= YOUR TASK =
Reproduce exactly the lines of this material that begin at the line with "Colon Rescue product" and end at the line with "ECOLOOK Disposable Face", both included. Omit the pictures and everything else.

Top of DATA EXTRACT

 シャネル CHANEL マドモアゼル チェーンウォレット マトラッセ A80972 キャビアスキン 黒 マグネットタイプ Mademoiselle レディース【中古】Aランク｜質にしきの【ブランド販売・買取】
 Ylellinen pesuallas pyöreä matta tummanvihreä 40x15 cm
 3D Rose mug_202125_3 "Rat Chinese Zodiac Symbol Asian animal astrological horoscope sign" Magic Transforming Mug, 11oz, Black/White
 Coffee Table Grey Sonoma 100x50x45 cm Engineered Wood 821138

Bottom of DATA EXTRACT
Top of DATA EXTRACT

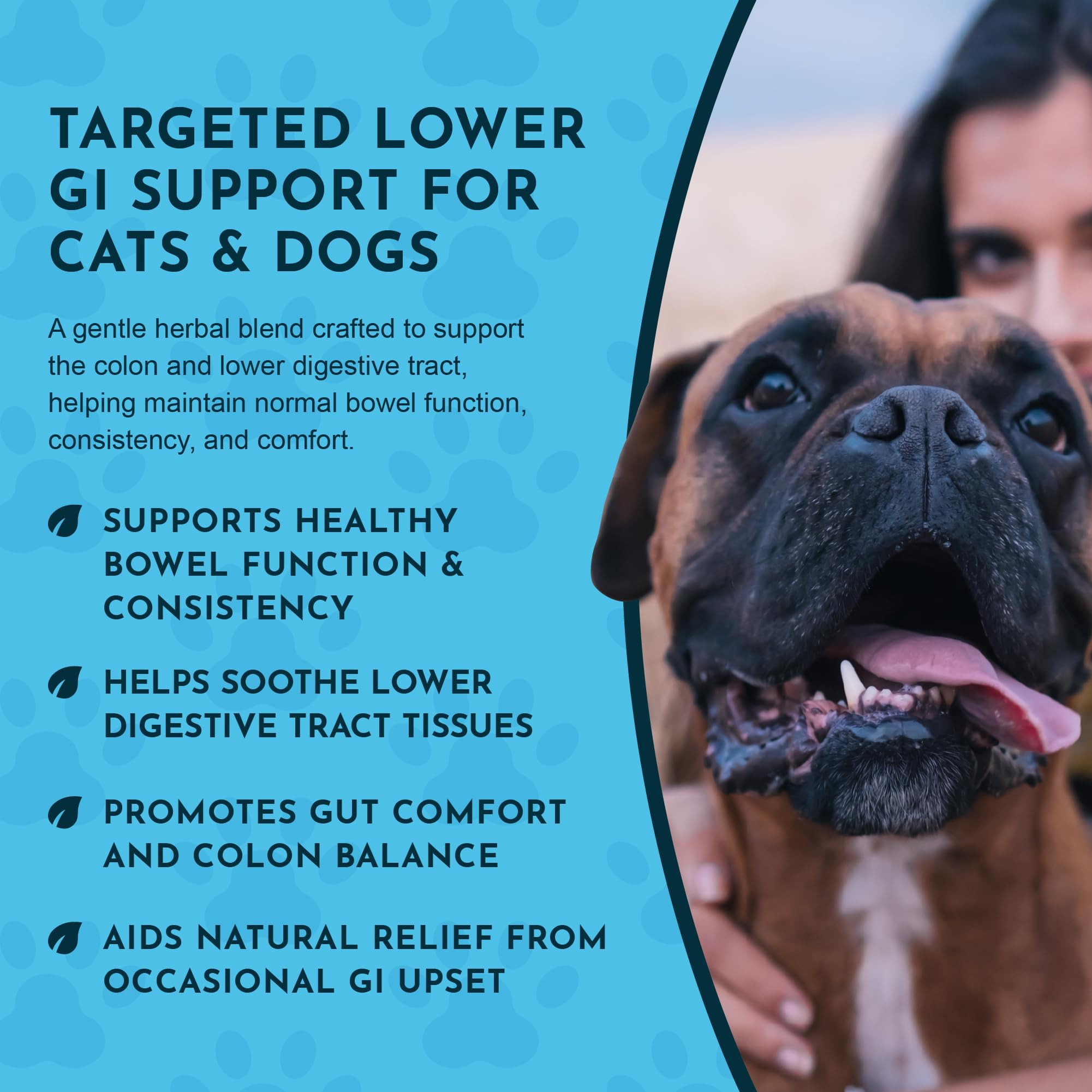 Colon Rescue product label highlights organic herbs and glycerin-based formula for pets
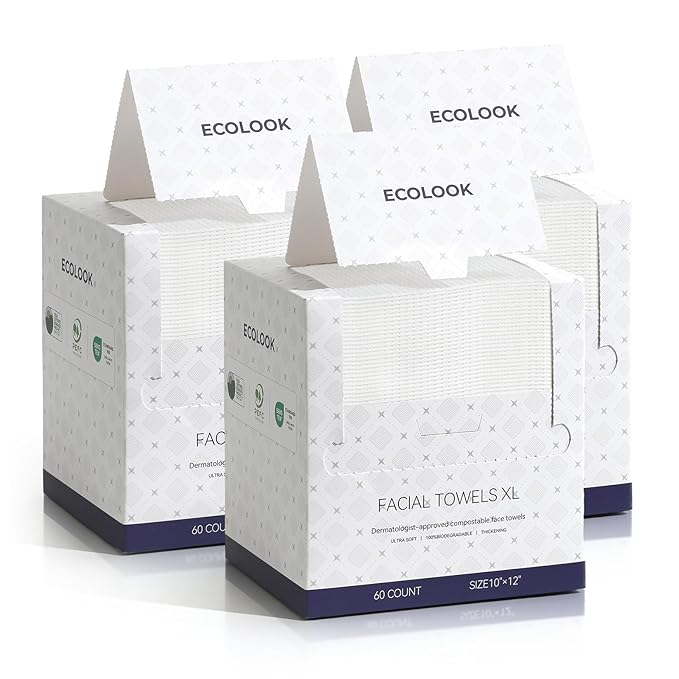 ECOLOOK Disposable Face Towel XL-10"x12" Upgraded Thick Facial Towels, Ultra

Bottom of DATA EXTRACT

= TASK RESPONSE =
 Colon Rescue product label highlights organic herbs and glycerin-based formula for pets
 ECOLOOK Disposable Face Towel XL-10"x12" Upgraded Thick Facial Towels, Ultra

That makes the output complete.